Nunca tivemos uma geração com mais acesso a informação do que os milenials. Nascidos na geração da internet, da tecnologia avançada, das redes sociais, os milenials têm toda a informação na palma da mão, porém, pouco ou nada se interessam, preferindo utilizar a internet para se conectarem com amigos, colegas e grupos, ouvirem música ou trocarem mensagens que pouco ou nada estimulam a reflexão e o raciocínio.

Luís Pedro, Mara e David têm entre 18 e 20 anos. Nenhum deles se recenseou, conforme me confessaram. Olham para mim e sorriem, um pouco envergonhados. David, o mais novo dos três, pergunta-me sobre o processo. Como e onde fazê-lo? Explicações dadas, os três abanam a cabeça e dizem que não estão interessados, não pretendem votar. Porque não querem saber de se meterem na politica. Porque não acreditam nos partidos. Porque nada vai mudar. Insisto que se não se recensearem não contam. Não me parece que os tenha convencido e isso, a par de outros comportamentos que vou notando, faz-me ter cada vez mais a convicção de que é preciso, urgentemente, mudar o estado das coisas relativamente a esse amplo desinteresse dos milenials em relação à vida do país, quando se assiste, a nível mundial, ao emergir de movimento juvenis em torno de causas globais, uma delas, a ambiental.

Essa, sim, é a reflexão que precisa ser feita e que deve interessar não apenas aos partidos políticos e às juventudes partidárias, mas a toda sociedade na qual se incluem a famílias, a escola, associações juvenis e todos os espaços de formação e educação dos jovens. É preciso agir para se criar, também fora das organizações políticas, espaços e momentos onde os milenials possam participar, opinar e debater sobre temas fundamentais, e que sejam também do seu interesse e, consequentemente, ganhem consciência cidadã e vontade de agir para mudar; é preciso estimular estes jovens a participar, discutir, trocar ideias, contestar, analisar, protestar, elogiar ou criticar iniciativas, e por fim, assumirem compromissos e serem parte da transformação.

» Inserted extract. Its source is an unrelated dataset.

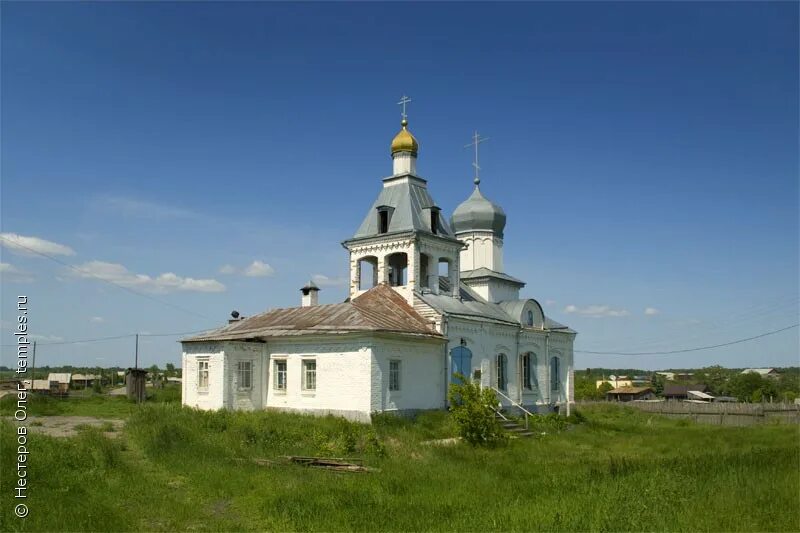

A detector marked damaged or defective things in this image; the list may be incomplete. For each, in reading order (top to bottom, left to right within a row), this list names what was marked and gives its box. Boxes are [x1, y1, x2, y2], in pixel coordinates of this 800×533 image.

rusty metal roof [183, 284, 444, 342]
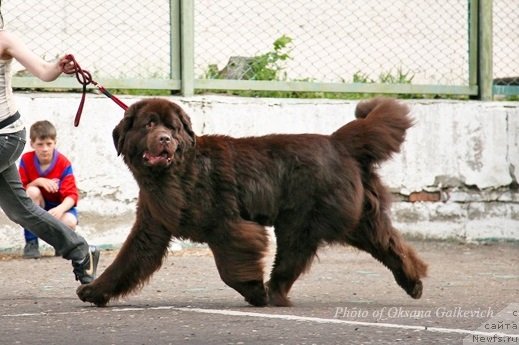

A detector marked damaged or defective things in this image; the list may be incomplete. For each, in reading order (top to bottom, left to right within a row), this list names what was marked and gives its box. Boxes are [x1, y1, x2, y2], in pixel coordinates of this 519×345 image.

peeling wall paint [0, 94, 516, 250]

Família e escola são, sem dúvida, os primeiros espaços onde esse exercício deve começar. Se os pais podem criar momentos para conversas sobre temas que interessam ou cuidarem para que os educandos cumpram seus deveres enquanto cidadãos, as escolas também podem proporcionar momentos de discussão sobre temas diversos, dando aos jovens a oportunidade de exercitarem a liberdade de expressão, opinando e sugerindo medidas a serem implementadas nas suas escolas. Mas não basta só os ouvir, é preciso agir, transformando as ideias dos jovens em ações concretas. Só assim, eles se sentirão válidos, darão credibilidade a estas ações e se sentirão propensos a continuarem a participar na idade adulta. Só assim estar-se-á a preparar futuros cidadãos, capazes de observar, refletir, reivindicar e escolher de forma livre e consciente.

Nesse exercício, há um aspeto fundamental que deve acompanhar essa educação para a cidadania. Num país com o nosso, onde não há recursos e somos, em quase tudo, dependentes de ajuda externa, os jovens terão que entender e aceitar que o tempo das decisões politicas e o seu próprio tempo não coincidem. Entretanto, tudo isso não deverá constituir desculpa para que não se cumpra os compromissos assumidos pelos governantes. O descrédito será sempre um preço a pagar. Não explicando isso aos mais jovens arriscamos todos, por um lado, a assistir a um alienamento total dos mesmos face à vida do país, e, por outro, abre-se caminho ao surgimento de populistas e radicais cujas propostas simplistas e demagogas para problemas complexos acabarão, mais cedo ou mais tarde, por seduzir os milenials.